Remedios sang the role of Mark in the first recording of Tippett's The Midsummer Marriage.

Remedios performed in many of the world's leading operatic venues, including the Metropolitan Opera in New York City, Seattle, Frankfurt, San Francisco and Buenos Aires.

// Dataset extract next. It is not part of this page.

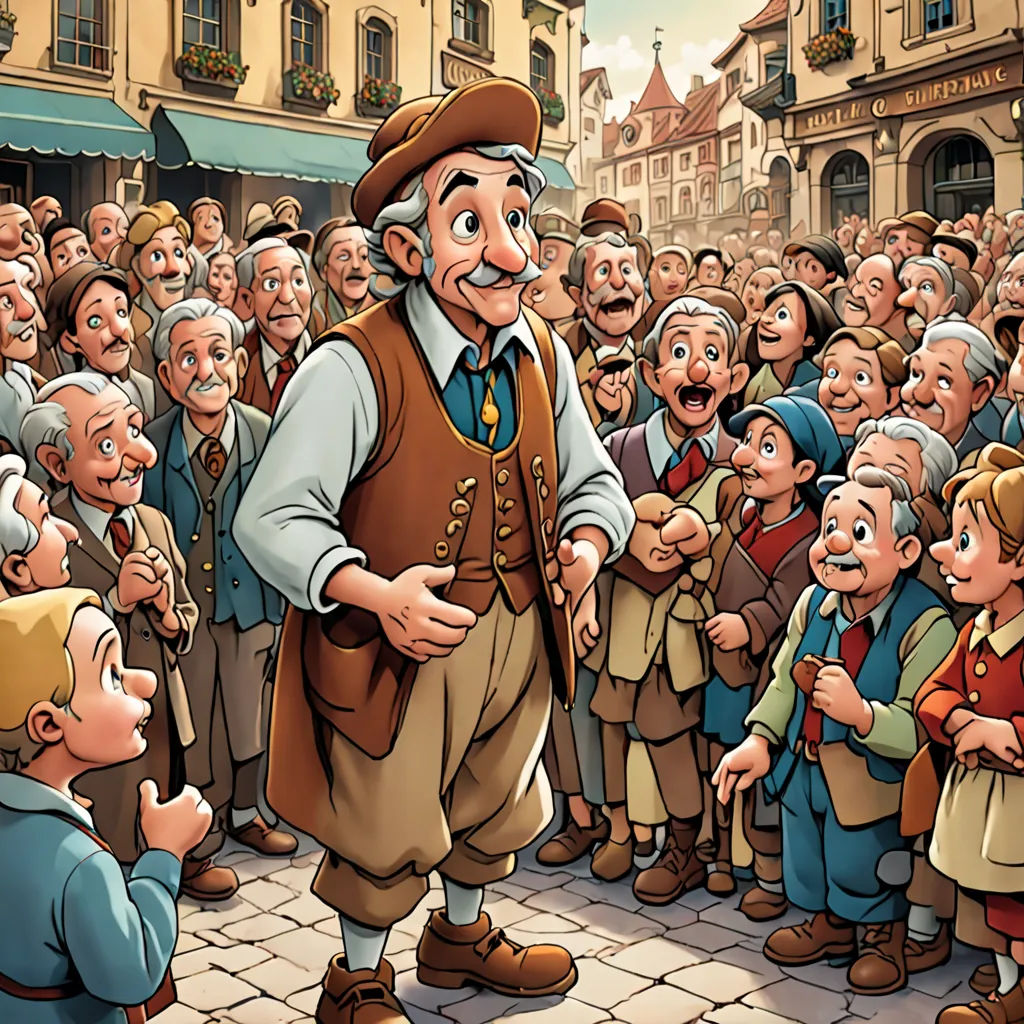 a cartoon of a man standing in front of a crowd of people with a surprised look on his face, magical realism, a storybook illustration, Don Bluth, storybook illustration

He was the subject of This Is Your Life in 1976 when he was surprised by Eamonn Andrews.

==Recordings==
- Tippett: The Midsummer Marriage Mark, in the first recording .
- Excerpts from Semiramide, Faust, La Traviata, La Sonnambula. Joan Sutherland, Elizabeth Harwood, Monica Sinclair, Lauris Elms; Luciano Pavarotti, John Alexander, Alberto Remedios, Opthof, Rouleau, Cross, others. Sutherland-Williamson Grand Opera Company Orchestra and Chorus, Bonynge/Weibel. Desirée Records CD 2965 (Norbeck, Peters & Ford, dist., 802-868-9300)
- Bizet: Carmen (In English) - Pring, Remedios, Curphey, Chard; Braithwaite. London, 1975
- Cilea: Adriana Lecouvreur (In English) - Carlyle, Remedios, Bainbridge; Erede. London, 1971
- Massenet: Manon (In English) - Harwood, Remedios, Chard, Blackburn, Dowling; Mackerras. London, 1974
- Wagner: Die Walküre (In English) - Hunter, June, Bailey, Remedios, Howard, Grant; Goodall. ENO, 1970
- Wagner: Götterdämmerung (In English) - Hunter, Remedios, Grant, Bailey, Hammond-Stroud; Goodall. ENO, 1971
- Wagner: Lohengrin (In English) - Remedios, Curphey, Turner, Sharpe, Herincx, Grant; Braithwaite. London, 1971
- Wagner: Siegfried (In English) - Remedios, Hunter, Garrard, Dempsey, Hammond-Stroud, Grant, Masterson; Goodall. London, 1973
- Wagner: The Ring Cycle (In English) Hunter, Remedios, Bailey/Garrard; Goodall/Mackerras. London, 1970- 1973
- Wagner: Lohengrin sung in English; Lohengrin – Alberto Remedios, Elsa – Karen Bureau, Ortrud – Nance Grant, Telramund – Geoffrey Chard, King Henry – Noel Mangin, Herald – David Brennan; Melbourne Symphony Orchestra, conductor Richard Divall. Australian Radio Broadcast November 1985. CD91241
- Hector Berlioz: Les Troyens – sung in English; Margreta Elkins (Cassandre), Robert Allman (Chorèbe), Alberto Remedios (Enée), Suzanne Johnston (Ascagne), Lauris Elms (Didon), Heather Begg (Anna), Richard Greager (Iopas/Helenus), Noel Mangin (Priam/Narbal), John Wood (Panthée); Melbourne Symphony Orchestra, Melbourne Chorale & Victoria State Opera Chorus, Richard Divall

==Personal life, retirement, and death==
He married his second wife, Judy Hosken, an Australian dancer, in 1965. Remedios performed regularly in Australia – he sang in concert performances of Götterdämmerung at the Sydney Opera House in the late 1970s with Rita Hunter, conducted by Sir Charles Mackerras, and sang Lohengrin for Victoria State Opera in 1985 conducted by Richard Divall, in a production by August Everding. His brother Ramon also had a singing career as a tenor; on many occasions they both appeared in performances by English National Opera of The Mastersingers. In 1999 Remedios emigrated to Sydney, Australia. He died in Sydney on 11 June 2016, aged 81.

==Awards==
- Queen's Prize, Royal College of Music, 1957.
- First prize in the Bulgarian International Opera Contest, 1963.
- Appointed a Commander of the Order of the British Empire (CBE), 1981 Birthday Honours.